● Data extract:
==============================

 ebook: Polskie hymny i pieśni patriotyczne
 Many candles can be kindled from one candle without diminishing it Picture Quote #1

==============================

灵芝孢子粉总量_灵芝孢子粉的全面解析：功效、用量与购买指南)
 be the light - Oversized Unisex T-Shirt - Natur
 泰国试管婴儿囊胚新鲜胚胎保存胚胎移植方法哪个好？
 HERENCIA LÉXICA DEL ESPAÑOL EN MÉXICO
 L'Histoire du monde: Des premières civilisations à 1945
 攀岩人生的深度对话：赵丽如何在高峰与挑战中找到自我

==============================

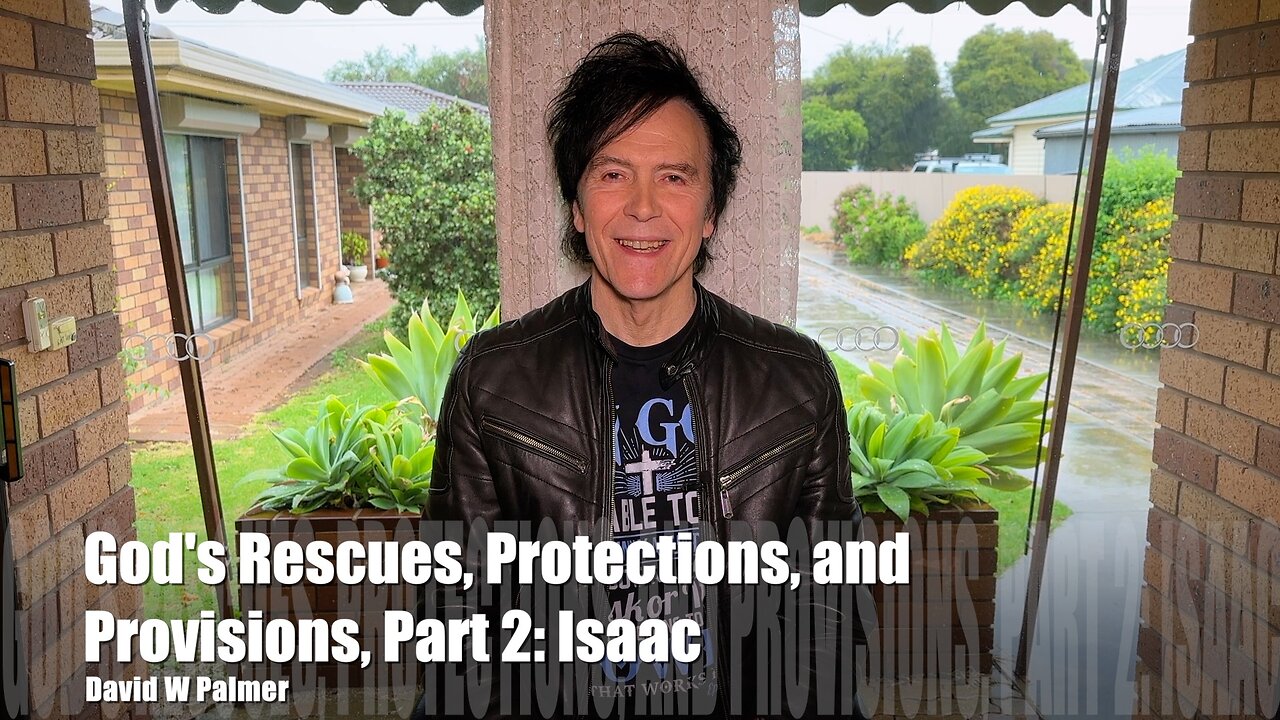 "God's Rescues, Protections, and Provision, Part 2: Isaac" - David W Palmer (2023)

==============================

● What is expected: Word for word, restate the lines above from the line containing "ebook: Polskie hymny i pieśni patriotyczne" through the line containing "Many candles can", with both included and nothing else.

● Response for this exercise:
 ebook: Polskie hymny i pieśni patriotyczne
 Many candles can be kindled from one candle without diminishing it Picture Quote #1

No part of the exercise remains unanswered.